_Exercise directions_. From first entry to last, give the listing again verbatim.

_Task material_.

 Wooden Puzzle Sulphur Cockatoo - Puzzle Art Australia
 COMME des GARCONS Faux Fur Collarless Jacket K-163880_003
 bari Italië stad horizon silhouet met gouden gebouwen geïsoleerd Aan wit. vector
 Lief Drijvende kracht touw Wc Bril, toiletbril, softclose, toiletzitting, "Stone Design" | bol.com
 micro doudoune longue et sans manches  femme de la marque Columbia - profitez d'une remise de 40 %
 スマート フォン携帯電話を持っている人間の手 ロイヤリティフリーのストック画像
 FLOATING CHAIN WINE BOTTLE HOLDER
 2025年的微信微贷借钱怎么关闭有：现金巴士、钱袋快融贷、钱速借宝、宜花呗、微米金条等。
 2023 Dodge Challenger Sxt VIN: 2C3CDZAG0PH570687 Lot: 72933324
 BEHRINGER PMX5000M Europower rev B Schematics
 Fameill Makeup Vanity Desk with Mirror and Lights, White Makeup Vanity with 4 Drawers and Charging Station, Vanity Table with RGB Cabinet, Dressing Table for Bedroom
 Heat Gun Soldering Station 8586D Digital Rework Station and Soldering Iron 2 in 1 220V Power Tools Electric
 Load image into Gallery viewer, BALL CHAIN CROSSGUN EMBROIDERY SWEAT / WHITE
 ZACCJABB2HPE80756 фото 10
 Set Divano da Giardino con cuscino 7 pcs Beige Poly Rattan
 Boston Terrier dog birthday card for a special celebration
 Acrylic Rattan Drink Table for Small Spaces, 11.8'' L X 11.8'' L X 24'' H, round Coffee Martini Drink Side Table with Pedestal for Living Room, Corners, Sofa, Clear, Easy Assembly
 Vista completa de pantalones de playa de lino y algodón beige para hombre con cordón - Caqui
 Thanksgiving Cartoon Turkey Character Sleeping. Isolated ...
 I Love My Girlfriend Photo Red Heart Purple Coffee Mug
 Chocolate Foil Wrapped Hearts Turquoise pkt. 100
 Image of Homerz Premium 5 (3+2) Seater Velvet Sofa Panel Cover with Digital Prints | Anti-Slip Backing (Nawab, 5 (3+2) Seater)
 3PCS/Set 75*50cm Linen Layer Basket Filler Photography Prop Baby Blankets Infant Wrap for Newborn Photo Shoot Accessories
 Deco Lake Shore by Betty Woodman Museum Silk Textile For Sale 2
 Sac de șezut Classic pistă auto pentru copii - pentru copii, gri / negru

_Task answer_.
 Wooden Puzzle Sulphur Cockatoo - Puzzle Art Australia
 COMME des GARCONS Faux Fur Collarless Jacket K-163880_003
 bari Italië stad horizon silhouet met gouden gebouwen geïsoleerd Aan wit. vector
 Lief Drijvende kracht touw Wc Bril, toiletbril, softclose, toiletzitting, "Stone Design" | bol.com
 micro doudoune longue et sans manches  femme de la marque Columbia - profitez d'une remise de 40 %
 スマート フォン携帯電話を持っている人間の手 ロイヤリティフリーのストック画像
 FLOATING CHAIN WINE BOTTLE HOLDER
 2025年的微信微贷借钱怎么关闭有：现金巴士、钱袋快融贷、钱速借宝、宜花呗、微米金条等。
 2023 Dodge Challenger Sxt VIN: 2C3CDZAG0PH570687 Lot: 72933324
 BEHRINGER PMX5000M Europower rev B Schematics
 Fameill Makeup Vanity Desk with Mirror and Lights, White Makeup Vanity with 4 Drawers and Charging Station, Vanity Table with RGB Cabinet, Dressing Table for Bedroom
 Heat Gun Soldering Station 8586D Digital Rework Station and Soldering Iron 2 in 1 220V Power Tools Electric
 Load image into Gallery viewer, BALL CHAIN CROSSGUN EMBROIDERY SWEAT / WHITE
 ZACCJABB2HPE80756 фото 10
 Set Divano da Giardino con cuscino 7 pcs Beige Poly Rattan
 Boston Terrier dog birthday card for a special celebration
 Acrylic Rattan Drink Table for Small Spaces, 11.8'' L X 11.8'' L X 24'' H, round Coffee Martini Drink Side Table with Pedestal for Living Room, Corners, Sofa, Clear, Easy Assembly
 Vista completa de pantalones de playa de lino y algodón beige para hombre con cordón - Caqui
 Thanksgiving Cartoon Turkey Character Sleeping. Isolated ...
 I Love My Girlfriend Photo Red Heart Purple Coffee Mug
 Chocolate Foil Wrapped Hearts Turquoise pkt. 100
 Image of Homerz Premium 5 (3+2) Seater Velvet Sofa Panel Cover with Digital Prints | Anti-Slip Backing (Nawab, 5 (3+2) Seater)
 3PCS/Set 75*50cm Linen Layer Basket Filler Photography Prop Baby Blankets Infant Wrap for Newborn Photo Shoot Accessories
 Deco Lake Shore by Betty Woodman Museum Silk Textile For Sale 2
 Sac de șezut Classic pistă auto pentru copii - pentru copii, gri / negru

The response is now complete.